The previously undefeated Montreal fighter will face unheralded Russian Denis Grachev (12-0-1) at the Bell Centre on Saturday night. The 12-round bout could be a first step in restoring Bute’s tarnished reputation.
A win will set up a rematch on home soil with Froch, tentatively set for March 31.
“The only opponent in my head is Grachev,” Bute (30-1) said Tuesday after a workout at the InterBox gym. “This is a very important fight.
“I defended my title 10 times but this is the most important fight.”
The 32-year-old was considered among the world’s top two or three supermiddleweights before travelling to Froch’s hometown of Sheffield, England, to make the 10th defence of the International Boxing Federation title he had held since 2007.
He got an exemption from his contract with the U.S. specialty channel Showtime, which wasn’t interested in the bout, to face Froch and quiet detractors who said he never faced top contenders and would only fight in friendly environments in Quebec or his native Romania.
The doubters had a field day when the brawling Froch pounded Bute senseless in five rounds to take the title.
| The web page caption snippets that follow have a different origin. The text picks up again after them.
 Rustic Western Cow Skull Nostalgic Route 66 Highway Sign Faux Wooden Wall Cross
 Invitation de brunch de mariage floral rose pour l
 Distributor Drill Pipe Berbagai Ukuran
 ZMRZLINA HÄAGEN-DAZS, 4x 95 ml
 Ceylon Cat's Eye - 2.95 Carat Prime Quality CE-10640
Suddenly, the one-punch knockdown and near knockout he suffered a few years ago from Librado Andrade looked more like an omen than an accident.
Suddenly, Bute’s chin and heart were being questioned.
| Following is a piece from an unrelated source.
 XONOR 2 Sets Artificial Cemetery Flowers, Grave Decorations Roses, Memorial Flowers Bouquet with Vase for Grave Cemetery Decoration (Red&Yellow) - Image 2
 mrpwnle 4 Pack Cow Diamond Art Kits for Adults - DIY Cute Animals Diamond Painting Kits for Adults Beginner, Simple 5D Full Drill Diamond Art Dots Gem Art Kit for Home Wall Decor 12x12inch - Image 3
“People ask how it hap- pened, but it doesn’t matter,” he said. “The damage is done and now we’re looking forward. “We’ll learn from it.” Bute took a month off after the loss before getting back to work. In training, the southpaw with the deadly left uppercut looked his old quick-handed self and was perhaps more business-like in his approach than before recent bouts.
“He’s going to get hit again and he’s going to have two choices — retaliate and get into the war or say ‘It’s too hard for me,’ ” said Bute’s trainer, Stephan Larouche. “But he’s ready for this.
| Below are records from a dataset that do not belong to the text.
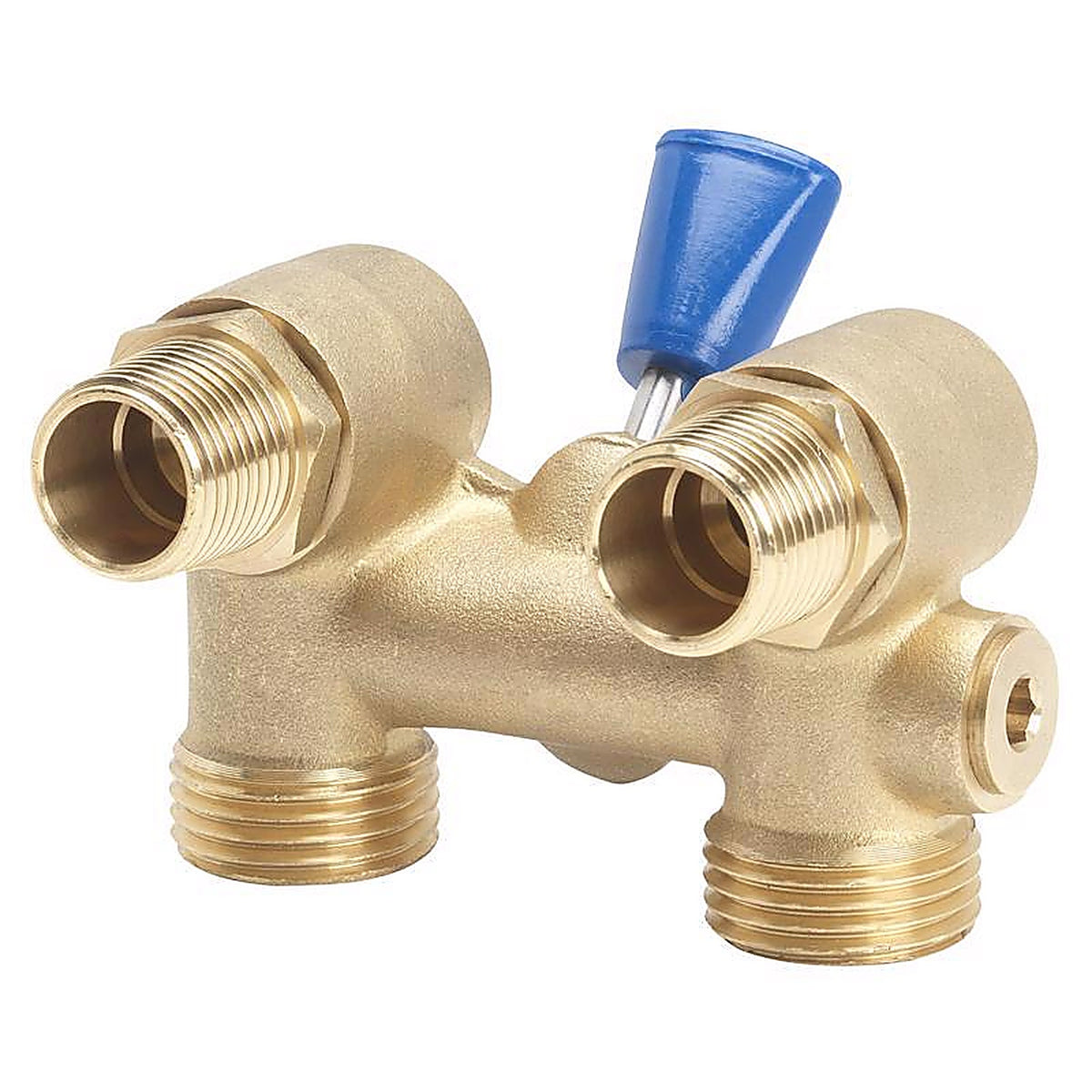 Homewerks - VWMDUAF3 - 1/2 In. MPT X 3/4 In. MHT Brass Dual Washing Machine Shut-Off Valve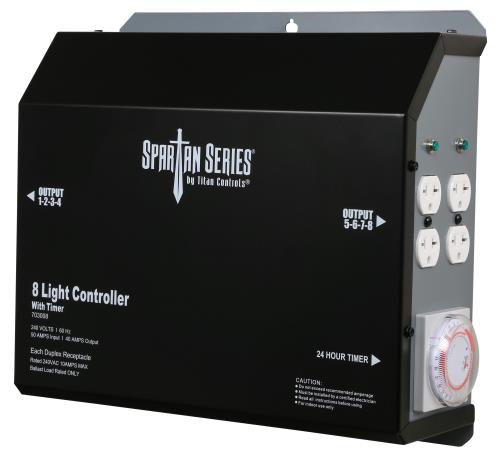 Titan Controls Spartan Series Metal 8 Light Controller 240 Volt w/ Timer - Universal Outlets (4/Cs)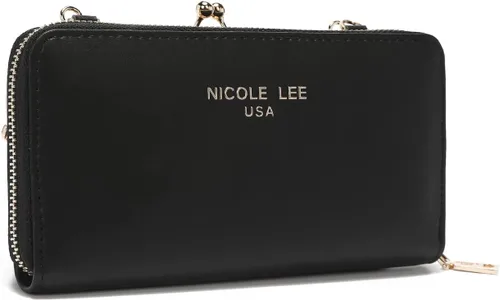 Vista 5 de Nicole Lee Billetera cruzada cruzada con estampado de moda de 2 piezas, cuero vegano, correa cruzada extraíble, Todas las emociones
“He’s against the wall and he feels it. And (Grachev) is a guy who is going to test him.”
The 30-year-old Grachev, a former kick-boxer based in San Diego, was on no one’s radar until his April bout against previously unbeaten Ismayl Sillakh. The Russian was knocked down in the third round but got up to floor Sillakh and end the fight in the eighth to claim the minor NABF light heavyweight title.
That belt will be on the line against Bute, although at a catch-weight of 170 pounds.
“I’ll put a lot of pressure on Bute and he won’t be able to handle it,” Grachev said. “That’s my style, I can’t fight different.”
The bout is to be aired in the U.S. on Wealth TV and on pay-per-view in Canada.
Froch has his first title defence in two weeks against Yusaf Mack, but what may stand in the way of a rematch with Bute is another Montreal fighter. Adonis Stevenson won an elimination bout Oct. 12 that makes him the mandatory challenger.
The IBF would need to grant an exemption to let Froch fight Bute first. Stevenson’s promoter, Yvon Michel, opposes an exemption.